05-27-2003 05:53 AM - edited 03-09-2019 03:25 AM
I was always wondering why most of the firewall products do not support load balancing (atleast to my knowledge) whereas many have hot standby solutions.
Is there any technical limitation in doing this (One reason I can think of is difficulties in handling features like TCP Intercept & PAT). Are there any other reasons behind it?
Is anyone aware of any product supporting load balancing rather than just a hotstandby solution?
05-27-2003 06:22 AM
For the existing PIX Stateful Packet Inspection, it requires that all packets pass through the same PIX to build up the stateful information. If packet pass through multiple PIXes in parallel, no one PIX may build up stateful information and without proper stateful information packet will be dropped for security concern.
In order to make PIX to support Stateful Packet Inspection for network load balancing and failover, the stateful information need be synchronized among all participated PIX firewalls.
I'll check if we are offering anything on this yet or it should be on the roadmap.
Thanks,
yatin
05-27-2003 06:46 AM
Hi:
1. To achieve load-balancing of Firewalls, you need to sandwich them between two layers of Load-balancers. Please review the article in the link provided below:
http://www.f5.com/solutions/tech/security/firewall45.html
You can easily replace the F5s with any Cisco or non-Cisco load-balancers. The load-balancers are the 'bread's and the firewall is the 'patty' in the middle.
2. The point to be noted here is that : why will you want to load-balance? Back in those days, you might have needed to, because of the limiting processing capablilities of the (PIX) firewalls.
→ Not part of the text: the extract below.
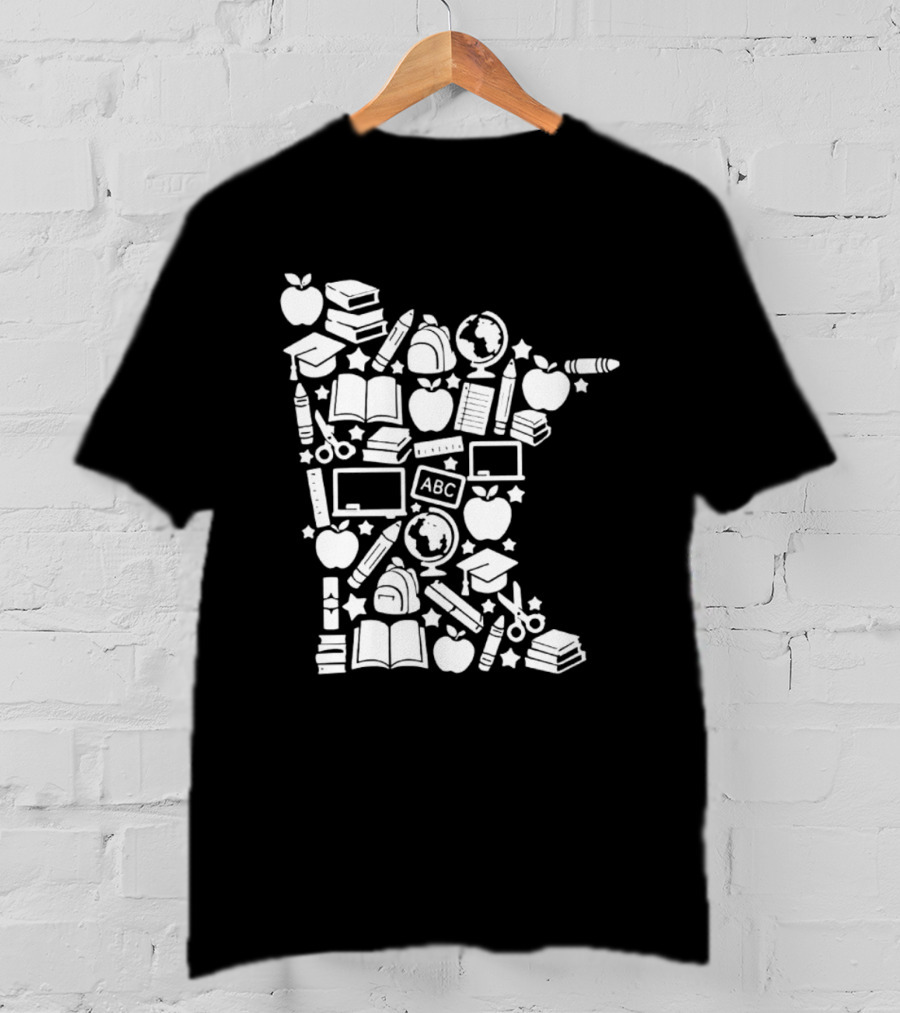 Minnesota Teacher Back To School ABC Books Apples Education State Map T-Shirt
But with such powerful boxes (the 535s) available, you may not have a need to! - unless you are talking about OC48+ range.
Please remember in the only-redundant solution, the 'Failover' PIX costs only a faction of the 'Unrestricted' license.
Hope this helps.
Best regards / Sampath.
05-27-2003 07:11 PM
Firewalls are designed with security in mind. Even they do only very little routing functionalities. Even for security purpose, they have to do a lot of processing, like look into each and every packet before allowing it to pass through it. They do not have knowledge about the network topology like routers running routing protocols and therefore may not be a good choice for load balancing.
As someone replied, maintaining the states between the devices and keeping them synchronized will be an additional burden for the firewalls.
Therefore it is always better to leave the firewall to do its job of security stuff and use other devices like routers (running BGP ) for load balancing.